I am not sure that I entirely buy that argument. The FSA is already doing so without the need for an explicit objective, and it will continue to do so. The Minister suggests that Lord Turner will wake up one day and say, You know, Ive had enough of this European lark; Im not going to Brussels this week. He may say, Im not going to take part in the work of my sub-committee, the financial stability board, because it is not worth the candle. The FSA will then have to turn off all its activities, because it has no explicit duty under FSMA to take part.
There is no need to include that duty in the Bill given that the FSA is already devoting significant resources to its interactions in Europe and internationally. Whenever I talk to Hector Sants, it seems clear that resources are being made available to do that.
I do not want to prolong the debate, but surely the hon. Gentleman appreciates that the FSA has to make decisions on the resourcing of particular activities. It will therefore be most helpful for resourcing decisions to be based on the objectives of the organisation. All businesses need to update their objectives. Given the increase in prominence of international negotiations and forums, it is right and proper that that is reflected in the FSAs plans and its resourcing decisions. It therefore makes sense to have the new clause, which makes the organisations objectives more explicit.
I do not wish to extend the debate either, but I point out that the FSA seems entirely capable of acting internationally and of devoting resources in respect of such matters without this duty. Therefore, I do not get the sense that there are insufficient resources or that the FSA feels that it needs a new statutory duty to enable it to spend more money and time on this area. If there is a duty on international co-operation to be imposed, it may be on the Treasury. Certainly, the Treasury demonstrated last year that although it put a great deal of time and effort on the G20, it perhaps spent insufficient time and effort on our relations with our European counterparts when it came to the reform of the financial regulatory system.

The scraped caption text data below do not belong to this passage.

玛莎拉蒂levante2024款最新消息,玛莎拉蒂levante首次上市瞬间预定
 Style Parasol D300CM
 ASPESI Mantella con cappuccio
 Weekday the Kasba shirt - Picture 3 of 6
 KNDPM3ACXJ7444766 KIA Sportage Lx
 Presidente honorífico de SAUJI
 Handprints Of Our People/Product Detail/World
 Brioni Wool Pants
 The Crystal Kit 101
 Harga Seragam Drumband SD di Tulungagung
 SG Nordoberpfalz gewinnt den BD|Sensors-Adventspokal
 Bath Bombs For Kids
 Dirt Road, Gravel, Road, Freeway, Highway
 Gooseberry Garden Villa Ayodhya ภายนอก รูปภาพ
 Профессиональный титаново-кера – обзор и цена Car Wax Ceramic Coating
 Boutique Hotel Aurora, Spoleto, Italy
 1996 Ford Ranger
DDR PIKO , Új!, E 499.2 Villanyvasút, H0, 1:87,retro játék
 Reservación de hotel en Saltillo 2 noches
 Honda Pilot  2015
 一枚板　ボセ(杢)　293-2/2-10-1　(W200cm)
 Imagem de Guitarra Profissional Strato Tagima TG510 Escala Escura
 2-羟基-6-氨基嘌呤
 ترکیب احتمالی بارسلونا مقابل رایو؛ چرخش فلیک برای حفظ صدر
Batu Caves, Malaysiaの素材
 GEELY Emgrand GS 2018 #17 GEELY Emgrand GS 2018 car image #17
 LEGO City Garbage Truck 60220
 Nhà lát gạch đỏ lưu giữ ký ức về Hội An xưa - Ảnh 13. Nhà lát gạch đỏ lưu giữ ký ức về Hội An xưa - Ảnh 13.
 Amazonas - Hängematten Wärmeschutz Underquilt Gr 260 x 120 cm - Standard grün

That issue, however, goes wider than the new clause.
I have made my point. I think that the new clause is cosmetic and does not add much to what the FSA is able to do. I do not think that the lack of such a new clause has inhibited the organisation in the past. The Minister has reassured me that under the FSAs existing objectives, it is able to pursue the international dimensions of other aspects of its objectives without widening the duty any further. Therefore, I beg to ask leave to withdraw the amendment.